* What to work on
Could you give again exactly, and only, the lines from the one holding "Autumn Set Premium" through the end of the data, both ends included, with pictures left out?

Image-caption web data
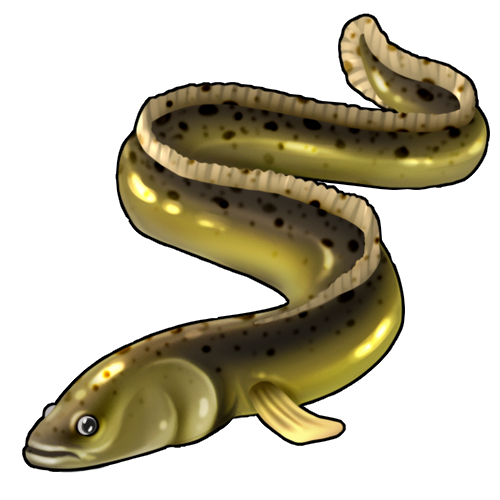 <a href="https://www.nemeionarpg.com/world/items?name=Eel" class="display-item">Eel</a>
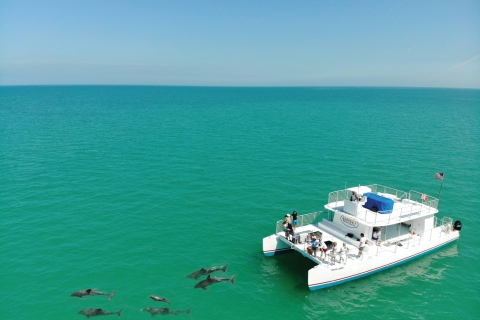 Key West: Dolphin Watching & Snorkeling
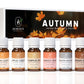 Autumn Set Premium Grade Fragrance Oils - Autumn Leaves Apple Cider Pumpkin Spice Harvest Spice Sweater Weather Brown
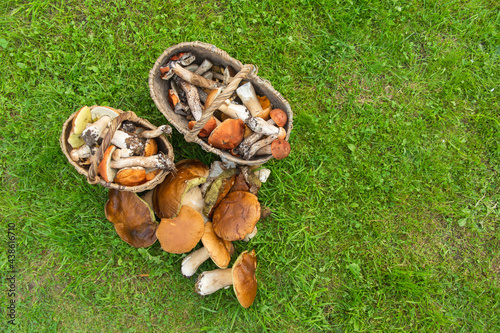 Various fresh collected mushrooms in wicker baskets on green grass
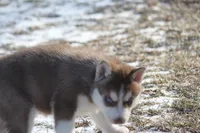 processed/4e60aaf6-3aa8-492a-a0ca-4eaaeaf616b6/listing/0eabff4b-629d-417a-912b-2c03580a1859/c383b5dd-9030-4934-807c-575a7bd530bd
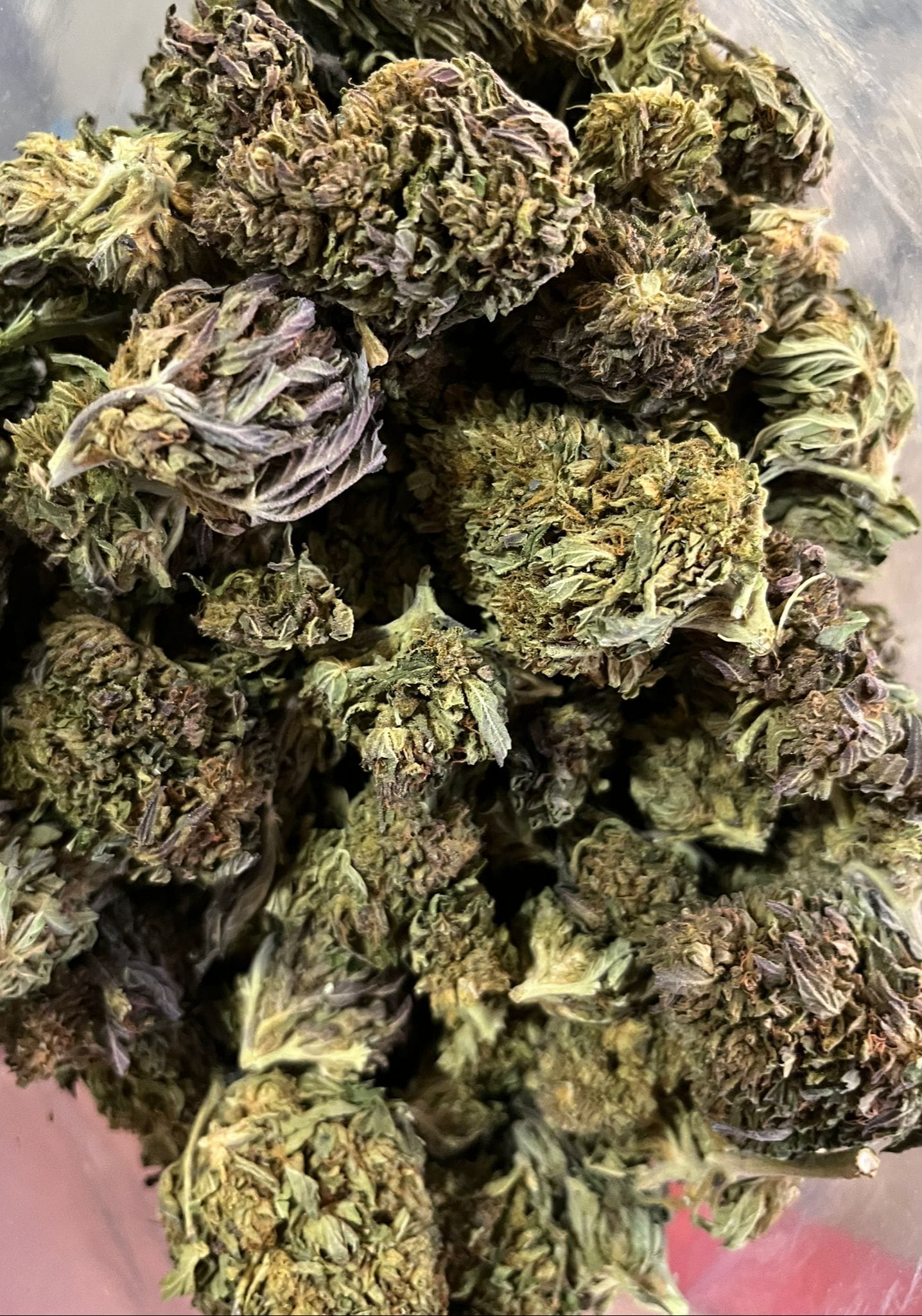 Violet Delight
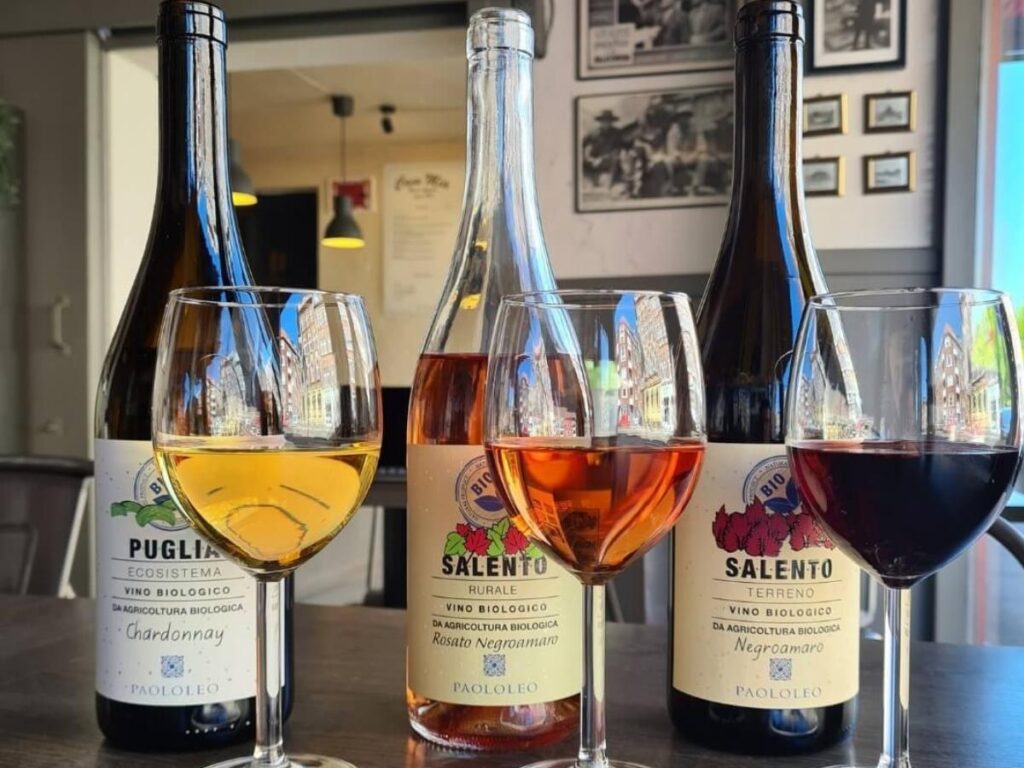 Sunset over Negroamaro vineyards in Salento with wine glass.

* Solution
 Autumn Set Premium Grade Fragrance Oils - Autumn Leaves Apple Cider Pumpkin Spice Harvest Spice Sweater Weather Brown
 Various fresh collected mushrooms in wicker baskets on green grass
 processed/4e60aaf6-3aa8-492a-a0ca-4eaaeaf616b6/listing/0eabff4b-629d-417a-912b-2c03580a1859/c383b5dd-9030-4934-807c-575a7bd530bd
 Violet Delight
 Sunset over Negroamaro vineyards in Salento with wine glass.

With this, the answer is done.